- _WHAT TO PRODUCE_
Could you return every record below word for word, leaving out the pictures?

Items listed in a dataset
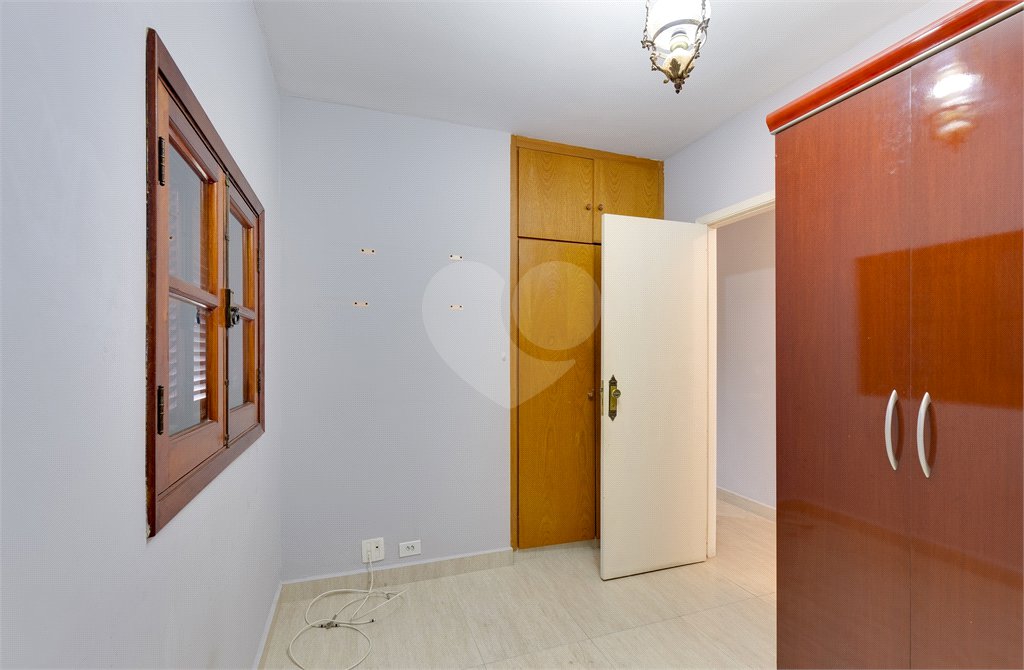 Sobrado à venda com 4 quartos, sendo 1 suíte, em Jardim Prudência, São Paulo, SP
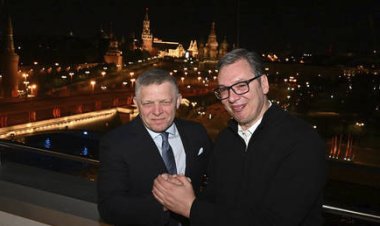 Video from Moscow Features Heartfelt Exchange Between Serbia’s Vucic and Slovakia’s Fico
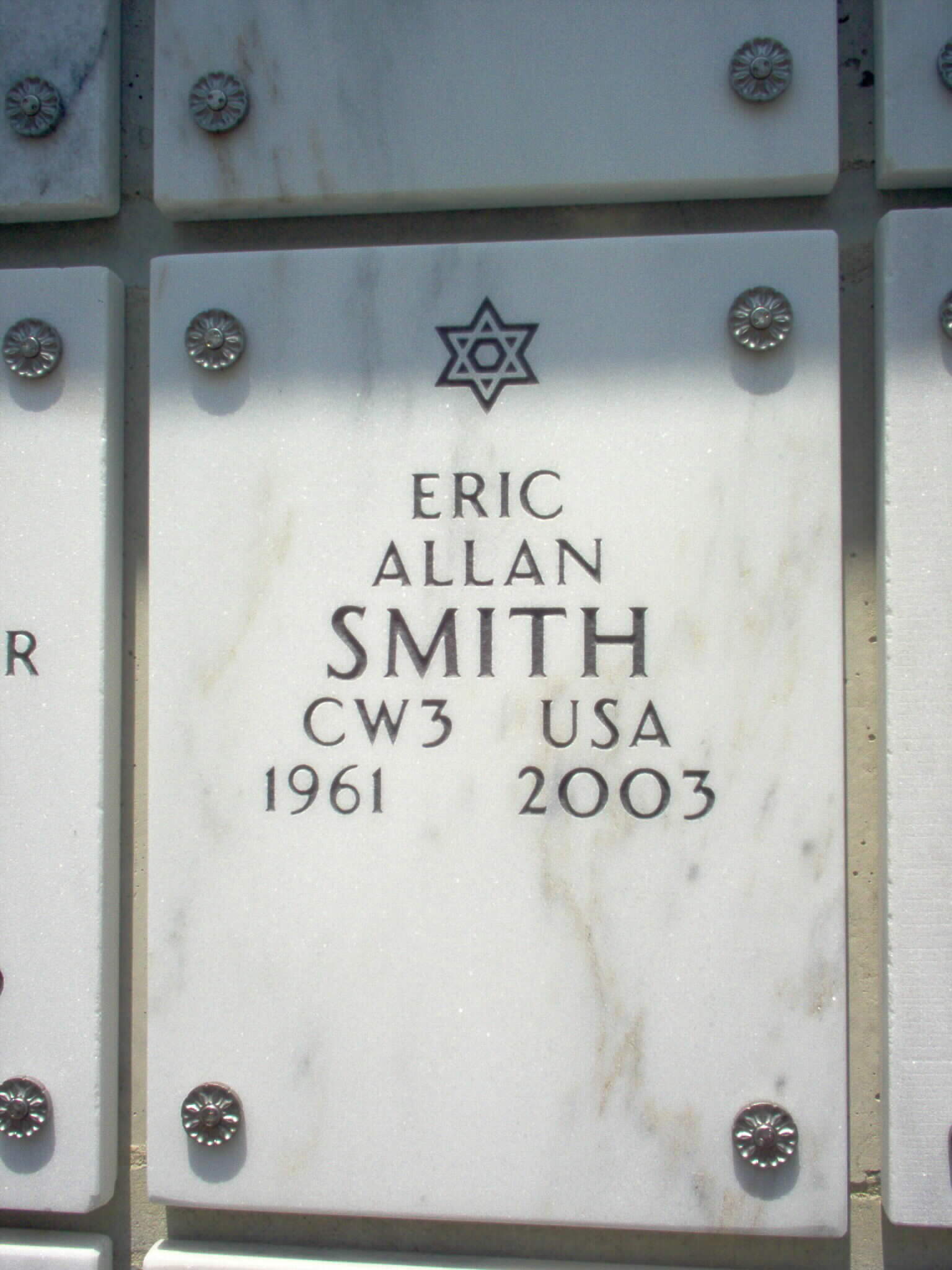 easmith-gravesite-photo-may-2006-001
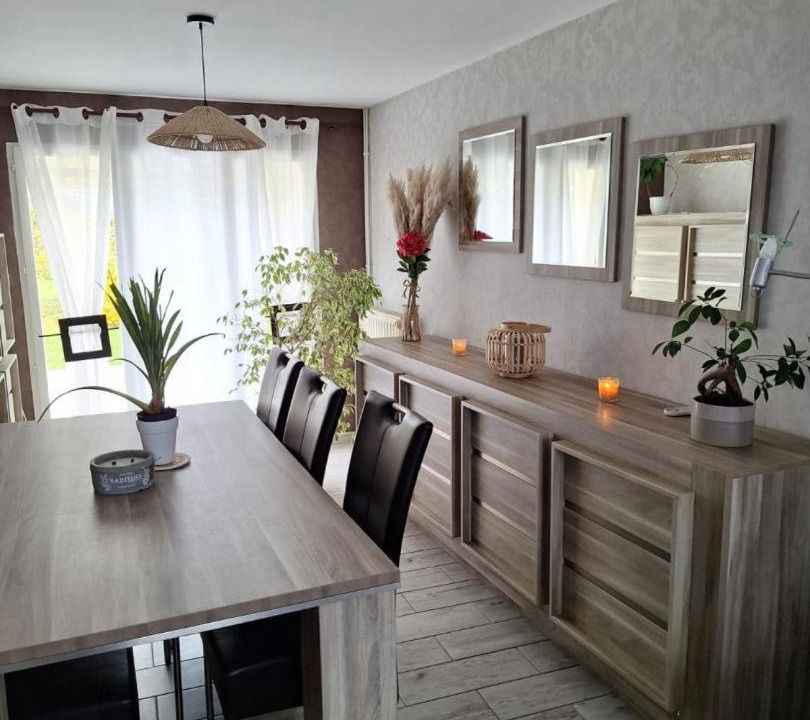 Photo of Others in Draize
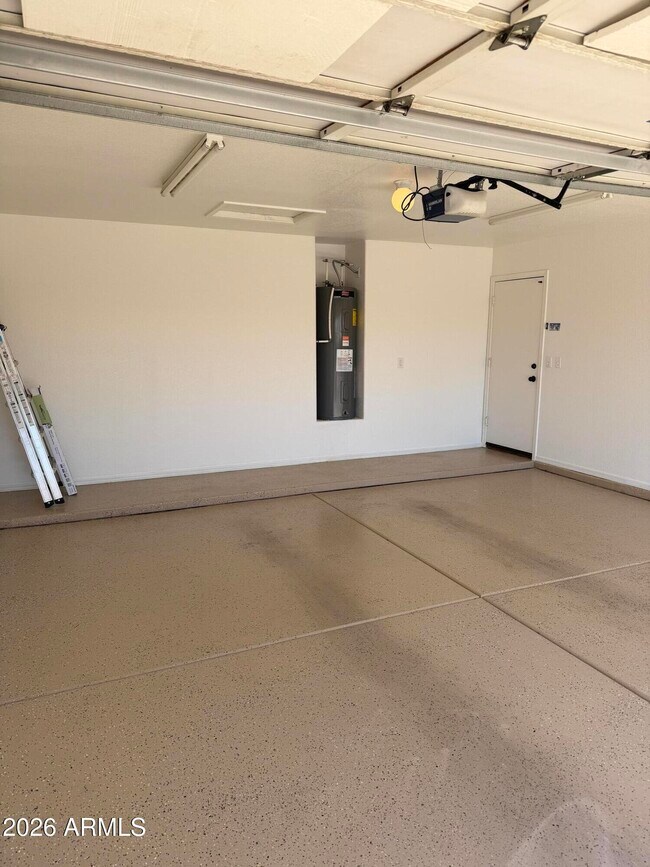 Building Photo - 3842 W Chama Dr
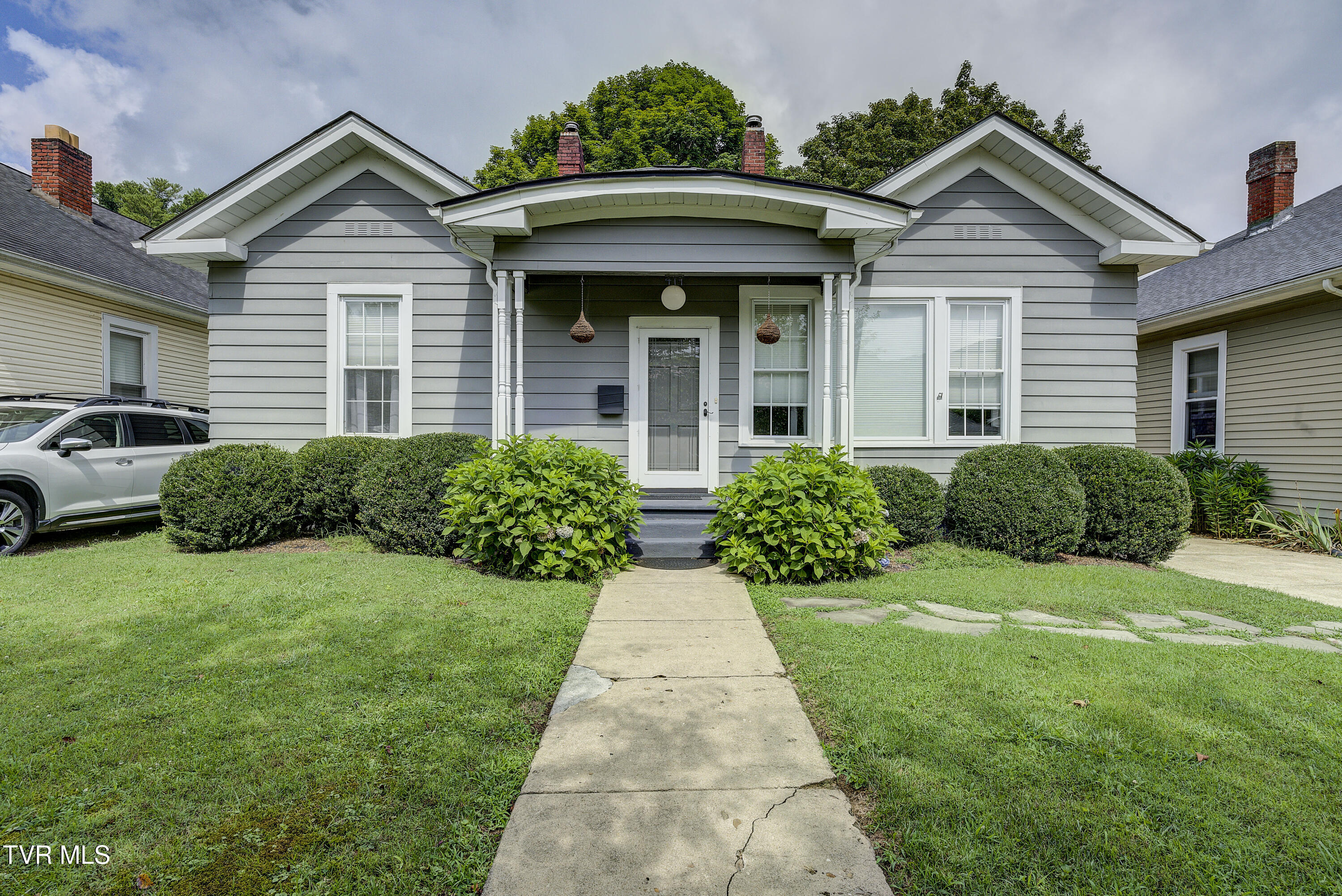 419 Clinchfield Avenue Property Photo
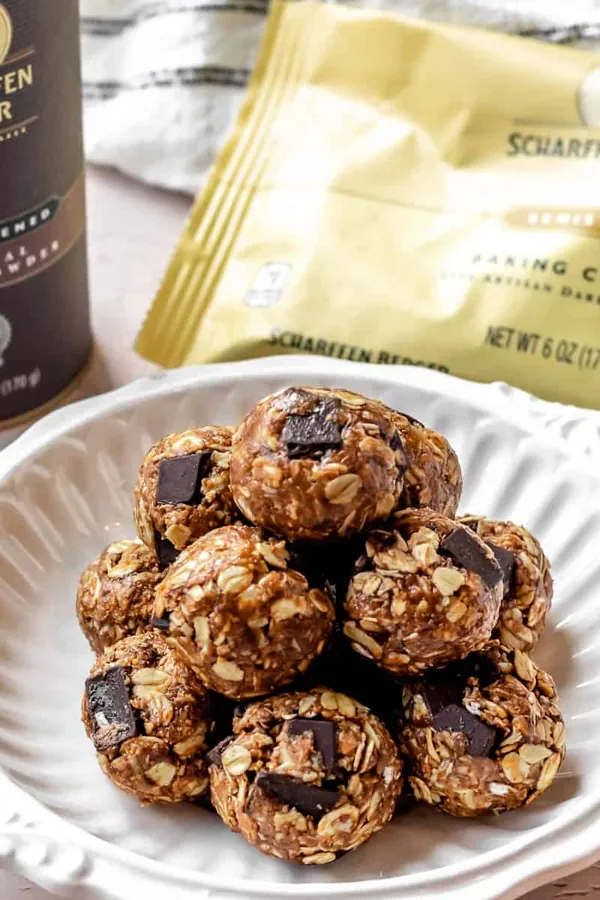 Peanut Butter Energy Balls with Chocolate Chunks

- _OUTPUT FOR THIS TASK_
 Sobrado à venda com 4 quartos, sendo 1 suíte, em Jardim Prudência, São Paulo, SP
 Video from Moscow Features Heartfelt Exchange Between Serbia’s Vucic and Slovakia’s Fico
 easmith-gravesite-photo-may-2006-001
 Photo of Others in Draize
 Building Photo - 3842 W Chama Dr
 419 Clinchfield Avenue Property Photo
 Peanut Butter Energy Balls with Chocolate Chunks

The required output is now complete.